5.6 PW6, Mohammad Hameed, whose presence at the scene of offence at the time of attack by the accused on the deceased was spoken to by PW5, testified that the deceased died about two years prior to his giving evidence and that he is a resident of Markandeya colony, Godavarikhani, and that on 19.06.2004 at about 10:30 P.M., he, PW5 and the deceased were near T-road and that at that time all the accused came there and started stabbing the deceased indiscriminately and that he and PW5 raised hue and cry and that on hearing their cries, LW7, Narsaiah, and PW7 came there and that A3 and A4 prevented him and others from interfering and that A1 gave the knife to A3 and that A1 and A4 hit the deceased on the head with a boulder and that thereafter all the accused fled away on the scooter thinking that the deceased had died and that later he, PW5, LW7, Narsiah, PW7 and PW8, T. Shankar, shifted the injured/deceased to a hospital on a pushcart and that on the way to Mamatha hospital, they met PW4, the brother of the deceased, near Gousia hospital, and that he accompanied them to Mamatha hospital and that at that hospital, the duty Doctor declared that the deceased was brought dead and that he saw injuries on the head, both hands, neck, both sides of upper back side and stomach of the deceased and that the accused bore grudge as the deceased fell in love and married the daughter of A1 in the Registrars Office, Peddapally, though she belongs to Muslim religion and that the deceased was killed by the accused.

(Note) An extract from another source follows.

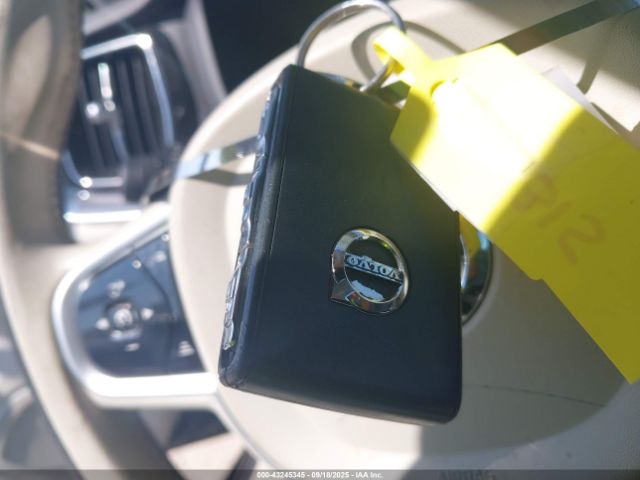 2019 VOLVO S60 7JRA22TK3KG003204 Photo 10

5.7 It is pertinent to note that PW4, one of the brothers of the deceased, though was not a direct witness to the incident of attack on the deceased by the accused, also deposed that when his injured bother/deceased was being taken to Mamatha Hospital on a push cart by PW5 and others, he identified his brother and that he accompanied them and the deceased to the said hospital and that from PWs5 and 6 he came to know about the attack on his brother by the accused and that the Doctor at Mamatha hospital declared that his brother was brought dead.

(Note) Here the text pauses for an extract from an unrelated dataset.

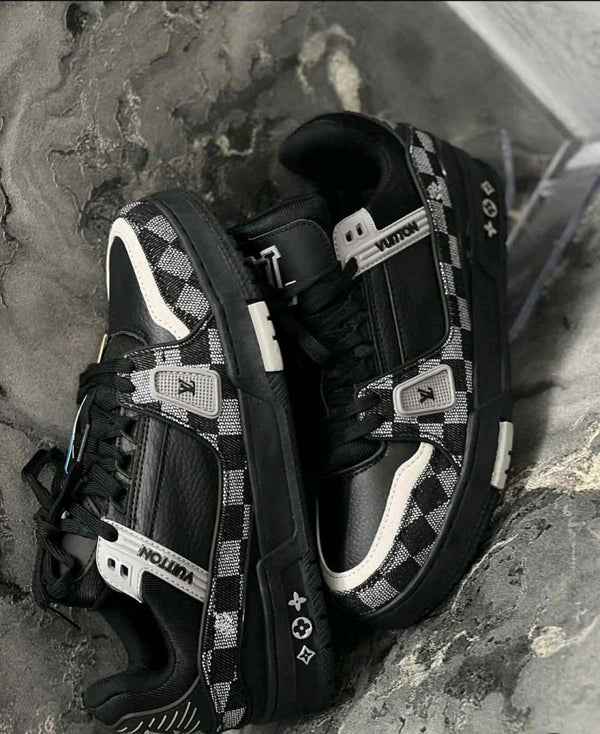 Louis Vuittonn LV Trainer Black Grey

5.8 PW7, whose presence at the scene more or less at the time of the attack by the accused on the deceased was spoken to by PWs5 and 6, also testified that the deceased died about more than two years prior to the date of his giving evidence and that on the date of incident, he, the deceased, PWs5 and 6 were talking near Swathantra Chowk T-junction as his wife was contesting in Municipal ward elections as independent candidate and that in the meantime, at about 10:30 PM, A1 to A4 came there and A1 to A3 started stabbing the deceased with knives and that on that he, PWs5 and 6 raised hue and cry and that on that LW7, S. Narsaiah, came there but A1 and A4 prevented them from interfering and that the deceased fell down on the ground while A2 and A3 were stabbing and that while threatening them A1 and A4 picked up one cement boulder and threw it on the head of the deceased and that after that all the accused fled away from the scene of offence thinking that the deceased succumbed to the injuries and afterwards he, PWs5 and 6 and LW7, Narsaiah, shifted the deceased on a push cart to the hospital and that on the way PW4 met them near Gousia hospital and accompanied them to Mamatha hospital, Godavarikhani, and that at that hospital the duty doctor, having examined the deceased, declared that he was brought dead and that in the intervening time PWs1 and 2 also came to the hospital and that the deceased sustained injuries on left hand little finger, right hand palm, left side of neck, right side eye on the face, left hand elbow, head, forehead, both sides of the upper portion of the back side and in the stomach and that the accused bore grudge against the deceased and killed the deceased as the deceased married the daughter of A1 though she belongs to Muslim religion.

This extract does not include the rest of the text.